Med rasizmom in nujo 1943–1945
Keywords:
Operational Zone of the Adriatic Littoral, Second World War, Italian Social Republic, German Reich, collaboration, NazismSynopsis
This monograph is devoted to the Operational Zone of the Adriatic Littoral, which, together with the Operational Zone of the Alpine Foothills, presented a unique administrative arrangement in German-occupied Europe during the Second World War. Although formally part of the Italian Social Republic, also known as the Republic of Salò, it was controlled by Nazi Germany and as such was a kind of administrative hybrid. As the monograph shows, it was even more diverse internally, as there were so-called collaborationist forces. But unlike other occupied territories, which included Slovenian lands, these collaborationist units did not come from the local area, but from the territory of the Soviet Union. The first ones came at the special invitation of the head of the SS administration, Odilo Globočnik. He saw in them an excellent replacement for the German soldiers, of whom fewer and fewer were available in the second half of the war.
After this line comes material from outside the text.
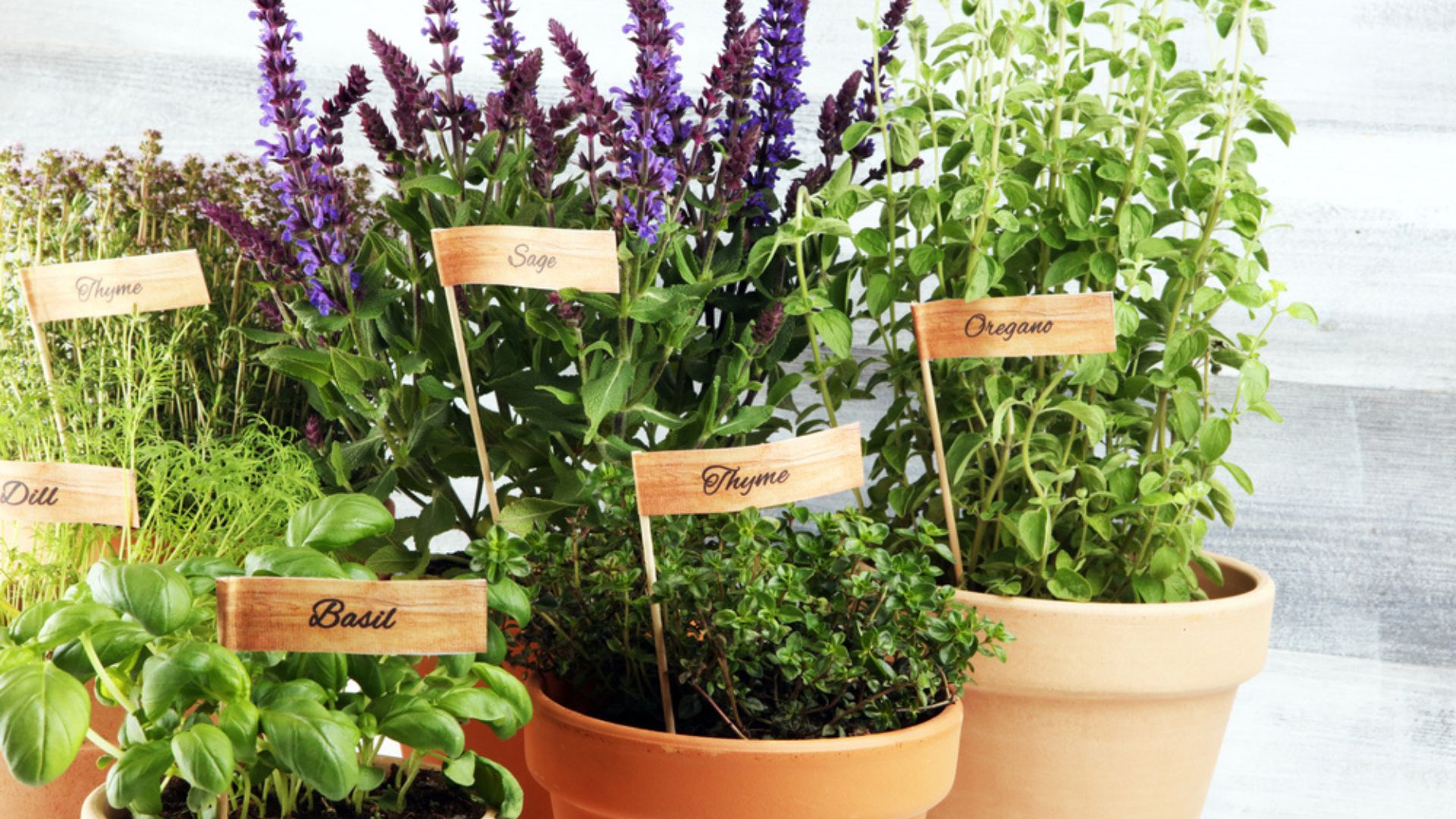 herbs in pots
Moreover, the German units avoided losses in their own ranks by mobilising foreign collaborationist units. However, these collaborationist units were inferior from the ideological point of view of the Nazi racial apparatus. The monograph thus shows how the Nazis sought (often unsuccessfully) to balance their own racism and contempt for inferior nations with the need to recruit as many collaborators as possible.